## Given data
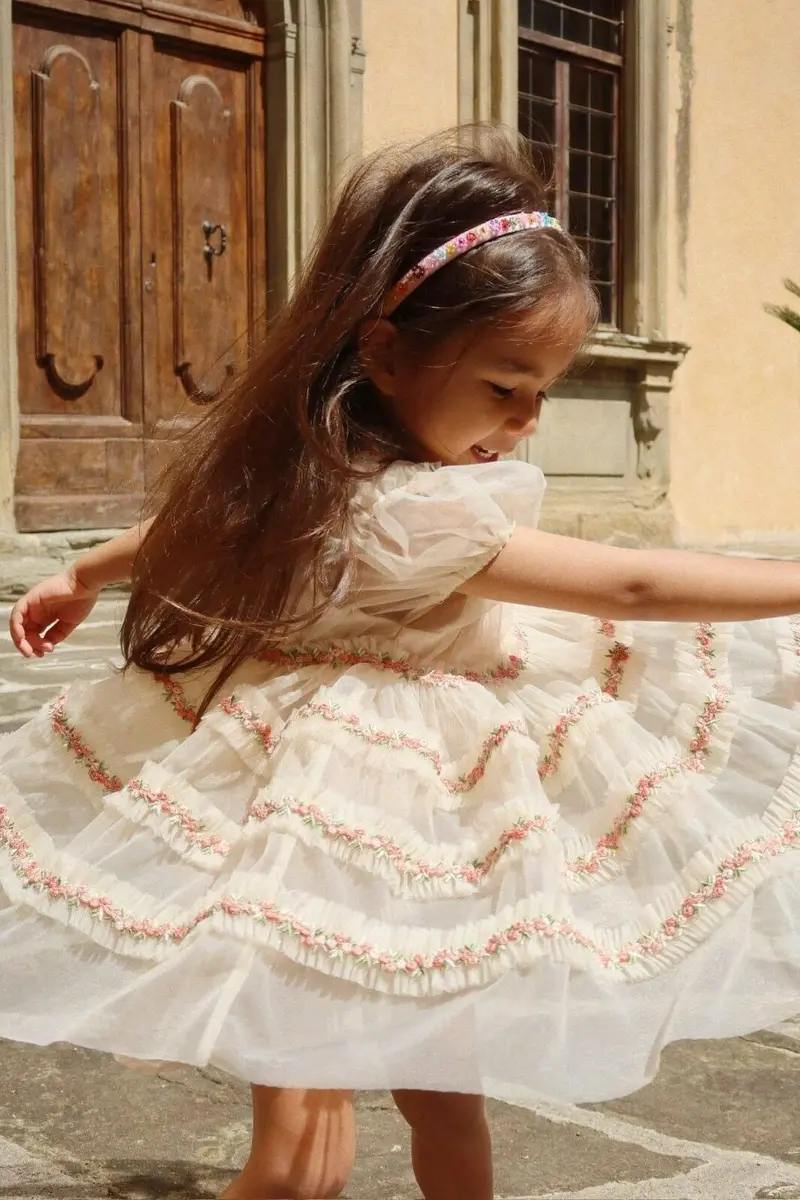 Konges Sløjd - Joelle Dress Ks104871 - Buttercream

...

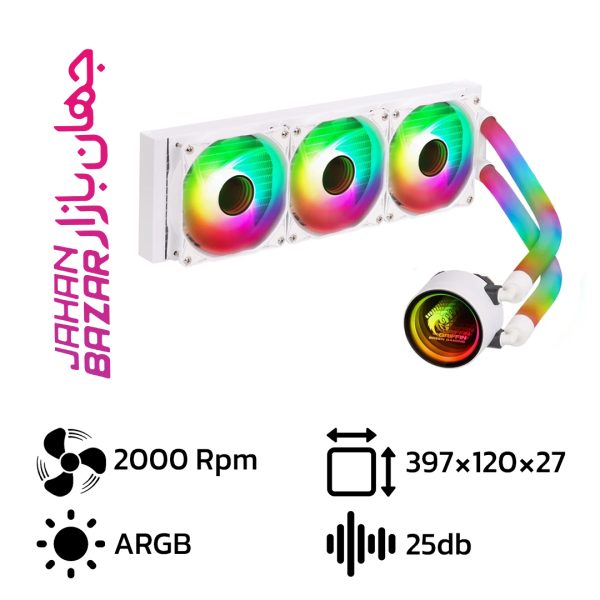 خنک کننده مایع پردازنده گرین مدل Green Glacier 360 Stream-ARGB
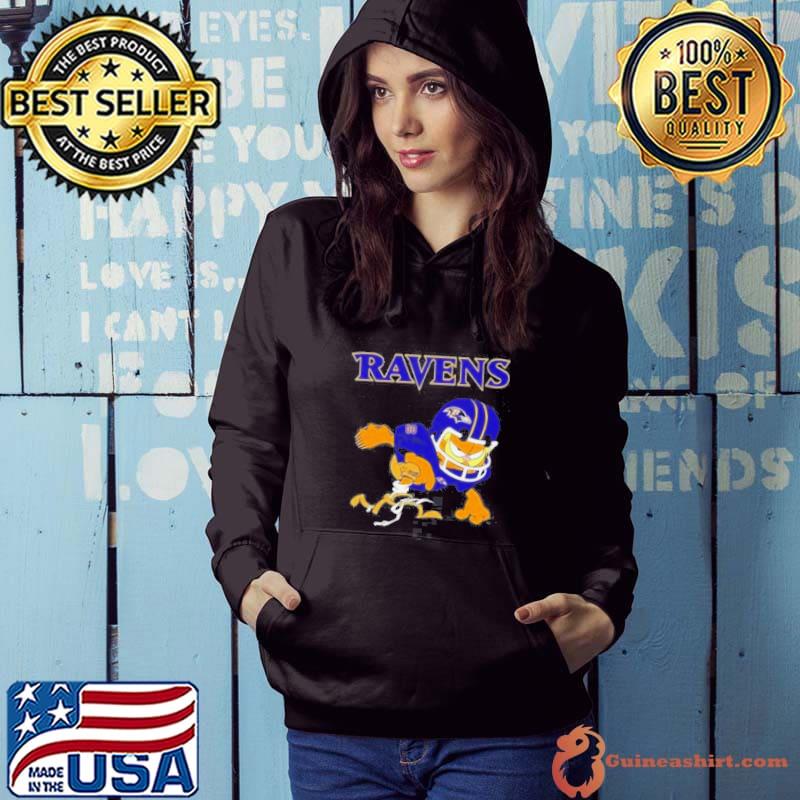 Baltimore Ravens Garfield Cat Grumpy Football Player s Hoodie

---

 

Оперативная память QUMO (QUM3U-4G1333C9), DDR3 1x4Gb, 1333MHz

## Task statement
Everything between and including the line above containing "خنک کننده مایع" and the line containing "Baltimore Ravens Garfield" should be reproduced exactly, with pictures excluded.

## Finished task
 خنک کننده مایع پردازنده گرین مدل Green Glacier 360 Stream-ARGB
 Baltimore Ravens Garfield Cat Grumpy Football Player s Hoodie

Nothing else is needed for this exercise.